BEGIN TASK INPUTS
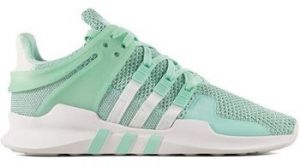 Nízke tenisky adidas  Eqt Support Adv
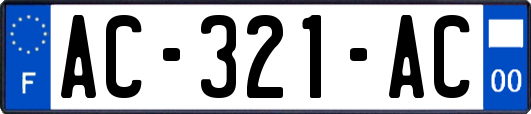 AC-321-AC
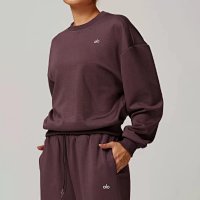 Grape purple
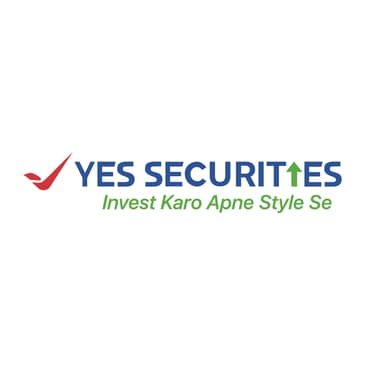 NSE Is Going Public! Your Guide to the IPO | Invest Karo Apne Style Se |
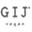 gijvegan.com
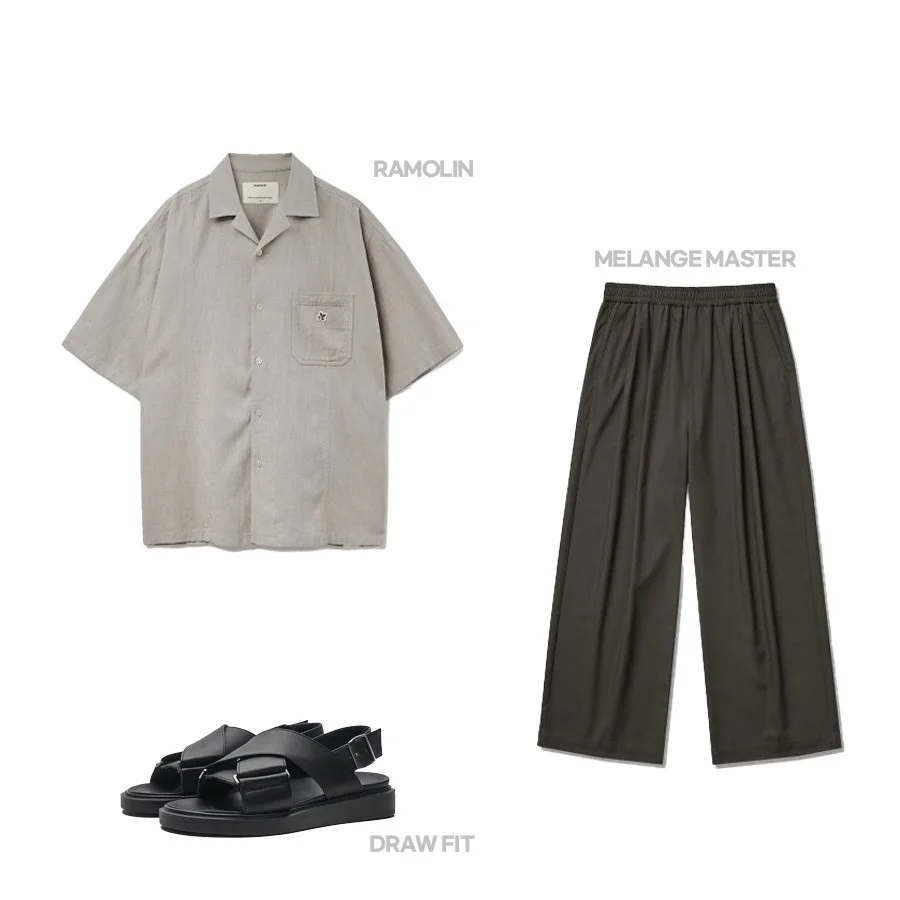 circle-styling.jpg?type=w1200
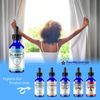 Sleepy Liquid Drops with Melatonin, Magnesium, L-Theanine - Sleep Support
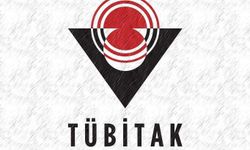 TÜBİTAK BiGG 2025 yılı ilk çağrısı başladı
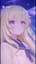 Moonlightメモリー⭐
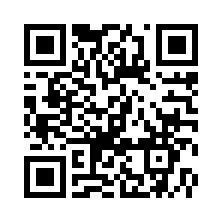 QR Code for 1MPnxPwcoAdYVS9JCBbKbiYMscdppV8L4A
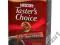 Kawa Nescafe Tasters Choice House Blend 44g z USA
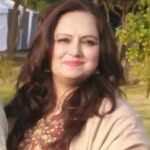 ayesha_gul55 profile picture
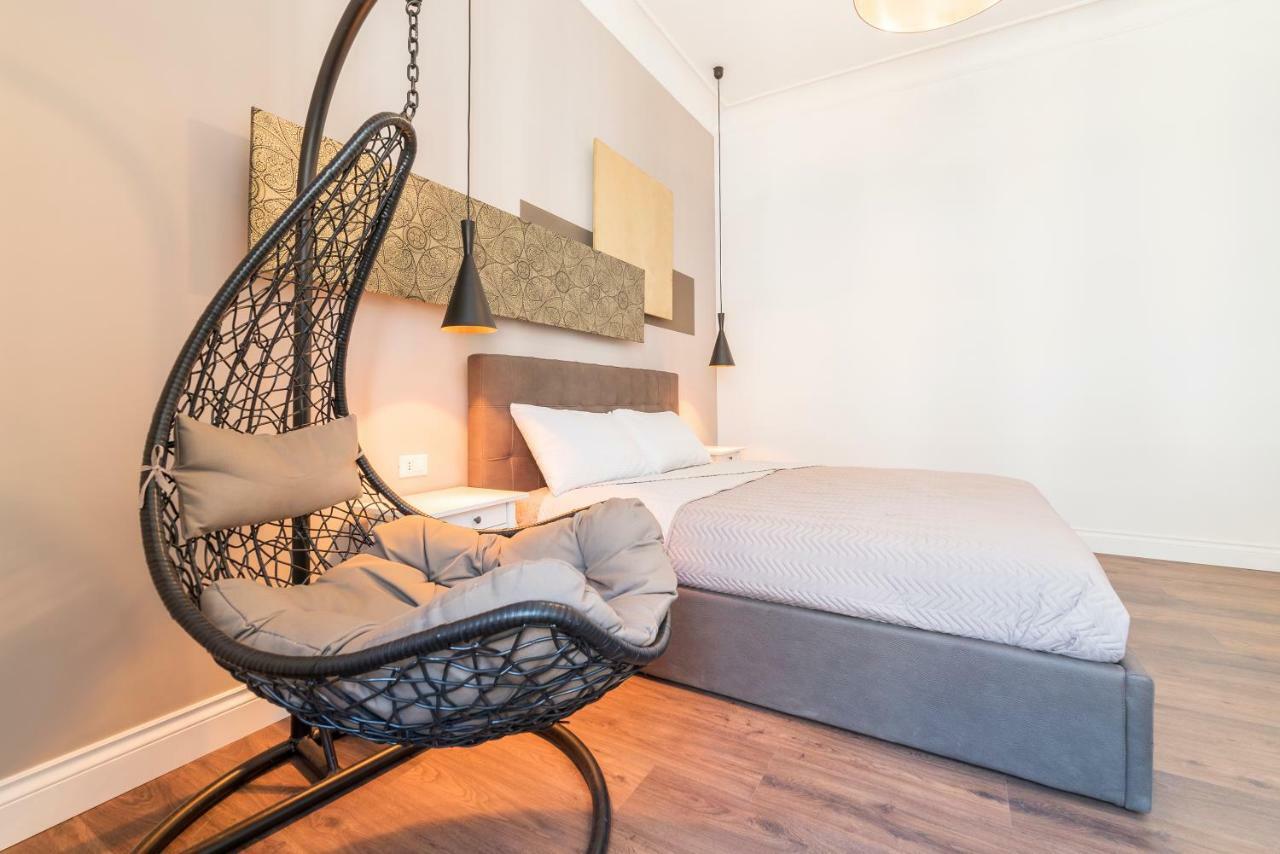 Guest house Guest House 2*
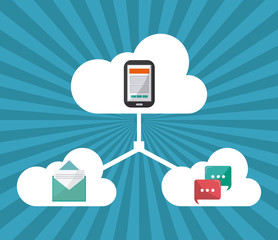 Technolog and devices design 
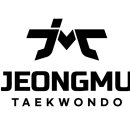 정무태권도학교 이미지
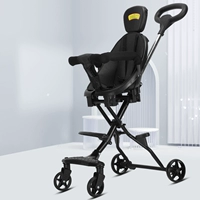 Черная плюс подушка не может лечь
END TASK INPUTS
BEGIN TASK INPUTS
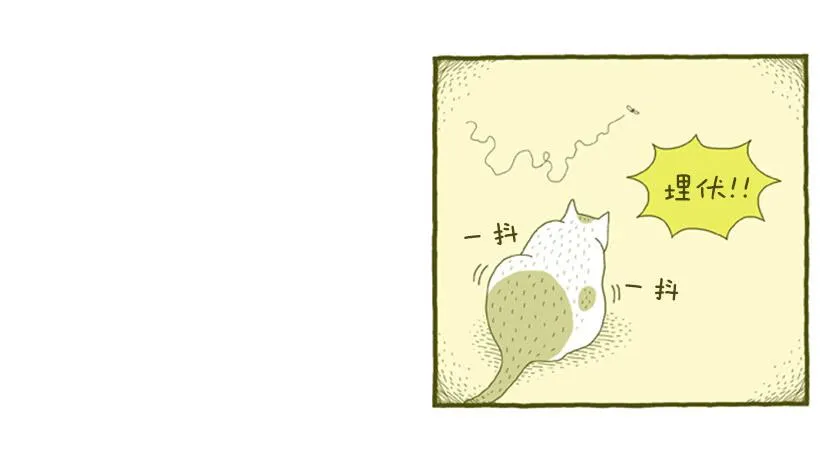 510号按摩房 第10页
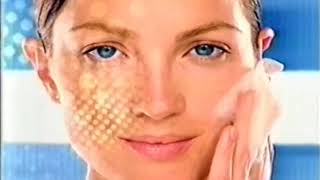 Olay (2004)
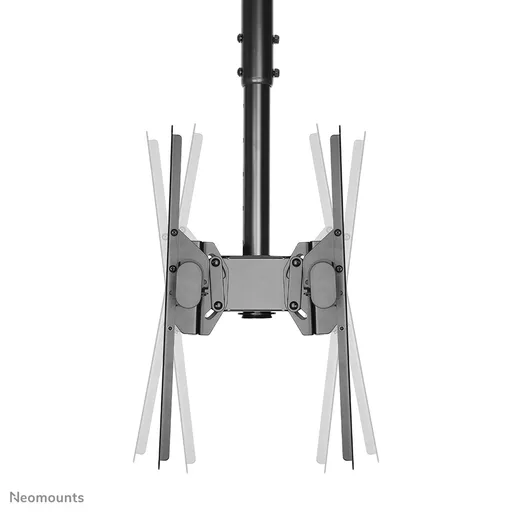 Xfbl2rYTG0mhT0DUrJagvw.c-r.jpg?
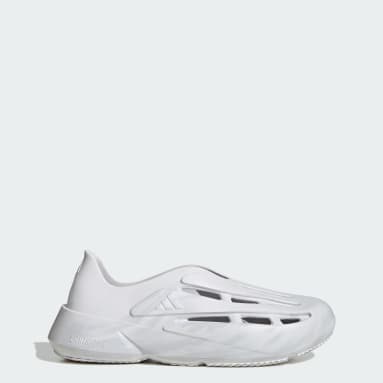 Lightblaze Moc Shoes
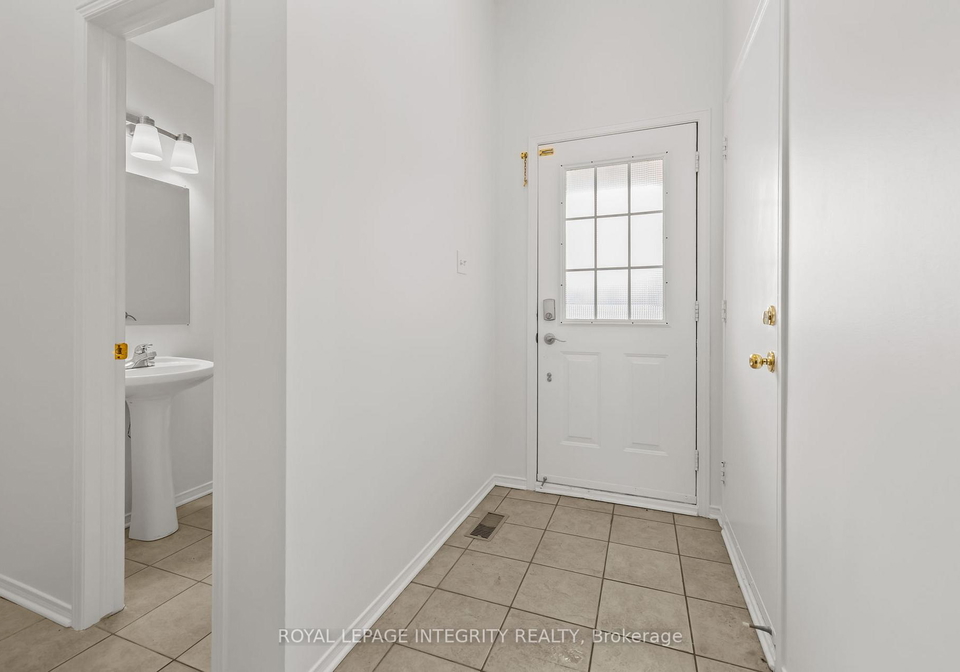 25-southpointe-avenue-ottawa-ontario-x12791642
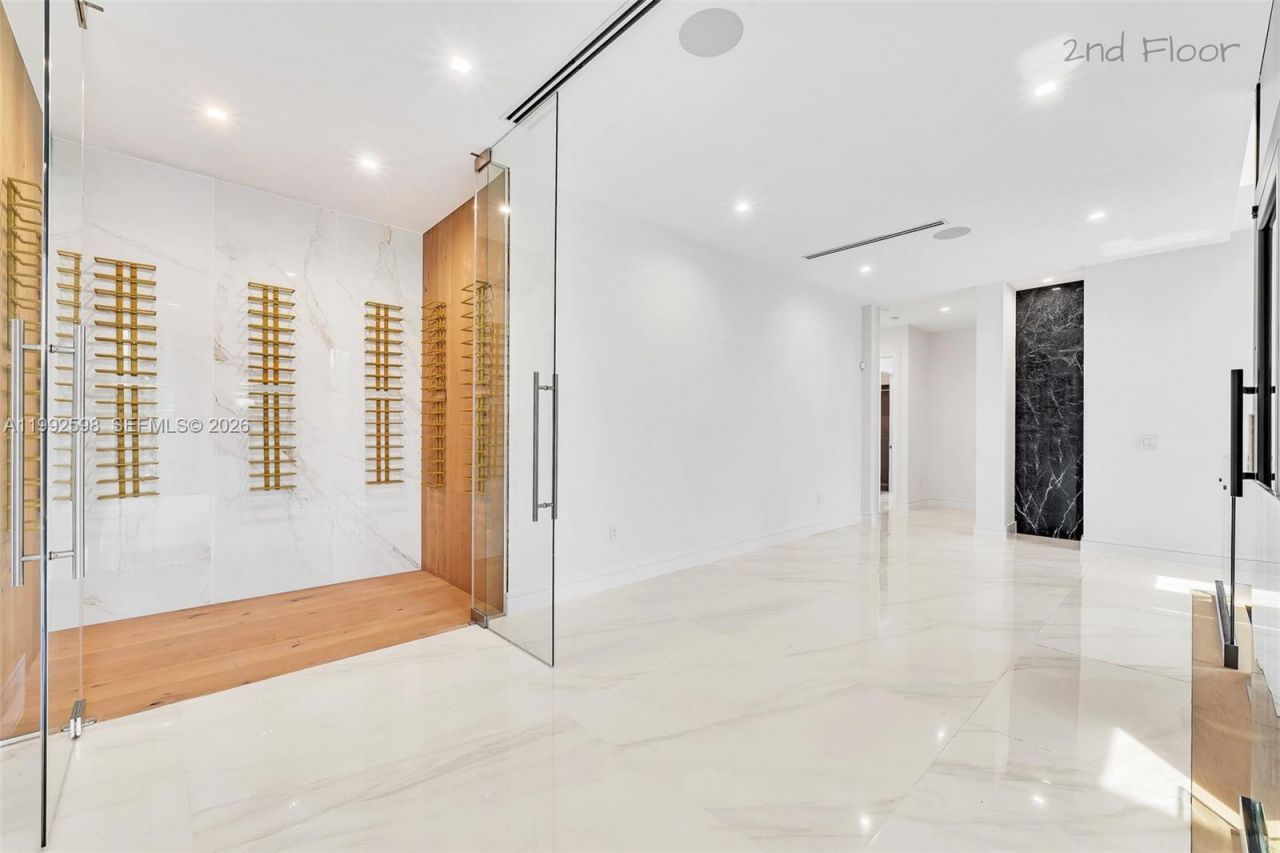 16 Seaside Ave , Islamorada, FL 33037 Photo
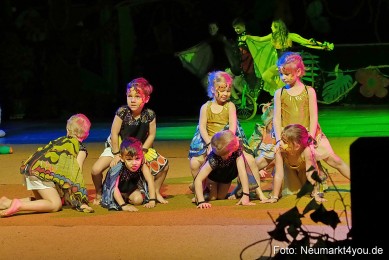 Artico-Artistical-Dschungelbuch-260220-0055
END TASK INPUTS
BEGIN TASK INPUTS
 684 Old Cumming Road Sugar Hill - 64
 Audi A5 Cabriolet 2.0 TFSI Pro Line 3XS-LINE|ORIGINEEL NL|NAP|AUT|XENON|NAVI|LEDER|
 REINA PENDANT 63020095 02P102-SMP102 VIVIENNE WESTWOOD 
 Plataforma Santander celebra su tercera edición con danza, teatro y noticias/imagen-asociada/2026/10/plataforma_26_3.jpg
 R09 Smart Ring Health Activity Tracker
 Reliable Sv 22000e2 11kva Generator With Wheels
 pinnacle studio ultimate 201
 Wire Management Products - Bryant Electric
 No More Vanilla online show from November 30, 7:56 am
END TASK INPUTS
:: EXERCISE GOAL ::
Copy only these lines from the records above, exactly: the one with "Sleepy Liquid Drops", the one with "Черная плюс подушка не может лечь", and those between. Skip the pictures.

:: RESULT FOR THIS TASK ::
 Sleepy Liquid Drops with Melatonin, Magnesium, L-Theanine - Sleep Support
 TÜBİTAK BiGG 2025 yılı ilk çağrısı başladı
 Moonlightメモリー⭐
 QR Code for 1MPnxPwcoAdYVS9JCBbKbiYMscdppV8L4A
 Kawa Nescafe Tasters Choice House Blend 44g z USA
 ayesha_gul55 profile picture
 Guest house Guest House 2*
 Technolog and devices design 
 정무태권도학교 이미지
 Черная плюс подушка не может лечь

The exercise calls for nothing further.